Saturday, July 27, 2019

When Crime Pays

I have to admit I had a wee bit of fun with this one.

And I apologize to any programmers out there for the liberties I took with the job description. Programming is hard work—if it wasn’t everyone would be doing it. Obviously I don’t know a whole lot about it, but I do know a few programmers and I am in awe of them. :-D



Word count: 600
Genre: Crime
Character: A programmer
Material: A pencil
Sentence: "It was her!"
Bonus: Your character is imprisoned.

Sometimes my job can be really boring. A lot of what a programmer does is just sit in front of a computer screen looking at mile after mile of code streaming past, watching for errors – so mind numbingly boring. It’s no wonder I started amusing myself by taking a stroll through the bank’s computer system. I wasn’t looking for anything in particular, I was just curious.

Their firewalls were okay and security was pretty good, not as tight as I could have made it, but that’s not what I was there for. I was just there to upgrade the accounting software to the new system and figure out why it didn’t work with the old system.

I was pretty sure I had all the kinks worked out between the old and new programs, but I wanted to wait until it was running for a while to make sure. On a whim, to pass time while I waited, I decided to check the rest of their system, just to make sure everything else was running smoothly. I was doing them a favor, for crying out loud! I never expected to find anything amiss.

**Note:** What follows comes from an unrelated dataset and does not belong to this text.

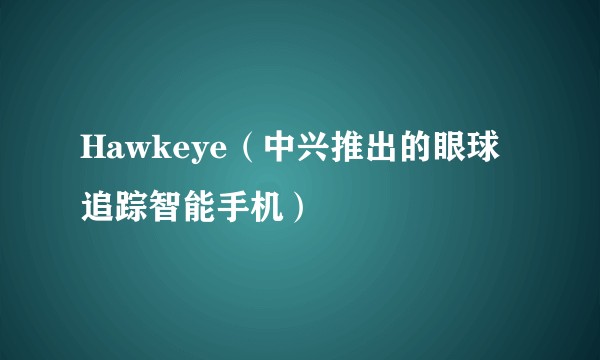 Hawkeye（中兴推出的眼球追踪智能手机）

But wouldn’t you know it, a red flag went up on some purchase orders for pencils. You’d think with the bank finally getting on board with the computer age the number of pencils they were going through would be reduced, but that wasn’t the case. So I took a look to see why pencils of all things were a problem.

Not only was someone buying an excessive number of pencils, they were pretty pricey ones at that. Then I took a closer look. The pencils themselves weren’t expensive, but the bank was being charged an outrageous amount for them. And there was a big discrepancy between what the bank was being charged and what was paid to the manufacturer. Where was all that extra money going?

I should have just reported what I’d found right away, but I didn’t know how to do that without admitting I was poking around in something I shouldn’t have been in the first place. Instead I started tracing the money to where it was going. It was all going into a single account in the same bank – the idiot embezzling didn’t even have the sense to stash it in an offshore account. Taking an even closer look I discovered that the stealing had been going on for years, well before the bank started using computers.

Right about then someone complained about my work, that I was incompetent and took too long at my job. One of my friends warned me that the head teller, who’d been with the bank from the very beginning, was trying to get me fired.

That snide bitch hadn’t liked me from the moment I stepped foot in her bank. I played it cool though and continued with my job. And I still curious about who’d been accumulating all that money. Imagine my surprise when I uncovered the culprit. It was her!

I knew the ax was about to fall and I’d have to act quickly. So I did what I had to do, then I set a harmless virus to activate when the computer system updated in the morning. It was risk-free, honest. A joke. But it was enough to send me to prison for three years for messing with the bank’s computers.

But that just gives me three years to figure out how to spend that 4.7 million I transferred to a bank in the Cayman Islands.